[Original poem written in honor of the 50th Anniversary of the 1965 U.S. Voting Rights Act. Performed at Java Monkey Speaks poetry open mic in Atlanta, GA on August 9th, 2015. Words below.]
She takes a long drag from her cigarette
and releases the smoke into the night air.
It hovers thick over Atlanta.
We sit atop the roof of her building downtown,
each downing our third beer,
letting the conversation flow
wherever it feels needed.
Politics interjects, and the circus of candidates
closely follows. I tell her how
I’ve never voted for a president,
and really didn’t plan to.
She holds her breath and lets the tobacco
work its magic. But her eyebrows
tell me everything I need to know.
I can see the unmistakable disdain,
the coddling look of pobrecito
mixed with anger over the waste.
I begin preparing myself for the assault
that is soon to follow. I wait, ready
for the infuriated strike, but her eyebrows
shift, and all she says is Why?
I’ve fought this battle before of different fields,
and I launch my strategic artillery
like a political symphony.
The Electoral College is its own literacy test.

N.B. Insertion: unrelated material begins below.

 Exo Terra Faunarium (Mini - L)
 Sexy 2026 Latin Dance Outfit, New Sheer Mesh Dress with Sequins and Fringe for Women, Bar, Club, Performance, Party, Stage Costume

And the hurdle is reading how to trust ourselves
to care enough to know more
of the back-channeling politics than the polished front
presented to us in Civics class.
Because our governments don’t trust us
to make the right choices, so they really only
let a few members choose. A government
for certain people, of certain people, by certain people.

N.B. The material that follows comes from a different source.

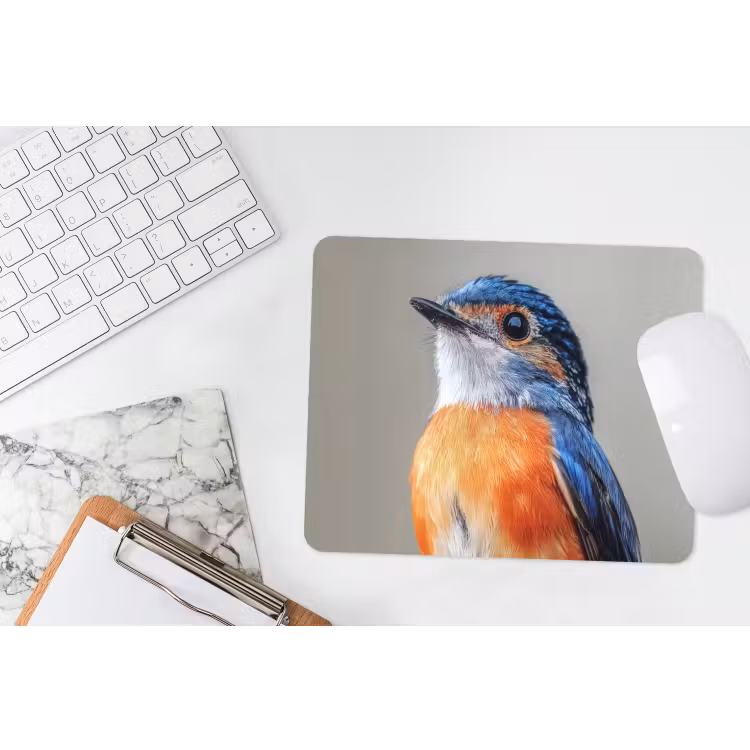 Kleurrijk - Vogeltje - Veren - Blauw muismat rubber klein -witbureau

She lets me finish and then responds
to my litany like a chorus:
Justin, you have to vote.
Justin, you have to vote.
Justin, you have to vote,
In 1965, the Voting Rights Act passes.
President Lyndon B. Johnson says the word negroes
so many times in his announcement speech,
as if telling a man what he is isn’t awkward enough.
In 2013, the Supreme Court extracts the teeth
from the very same Voting Rights Act –
like a backwoods southern dentist with homebrew anesthetic.
Literacy tests, poll taxes, and grandfather clauses rise
from their graves and cryptic-crawl back into the house.
Of the ruling, Justice Ruth Bader Ginsburg said
Hubris is a fit word for today’s demolition of the V.R.A.
This hubris, this arrogance, is the inbred cousin
of the one that first told us that our children
should only be allowed to try
the ice cream that matches their skin,
that only one will stain your weekend shirt.
Because every Sunday is bloody
from Selma to Montgomery
and Jim Crow still stands out in the middle
of his southern corn rows and crop circles
scaring those who never learned,
or never remember, our history.
I wanted to tell you that
we’re generationally gaining our humanity back.
That the great white nation has returned
from its great white flight and learned
something of other winds.
But I’m not so sure anymore.
It has been 50 years since we first wished
upon a 1965 star, and we still have to whisper
progress to ourselves with every passing century,
or else the wish may get lost in all our hazy rhetoric
and never have a chance to come true.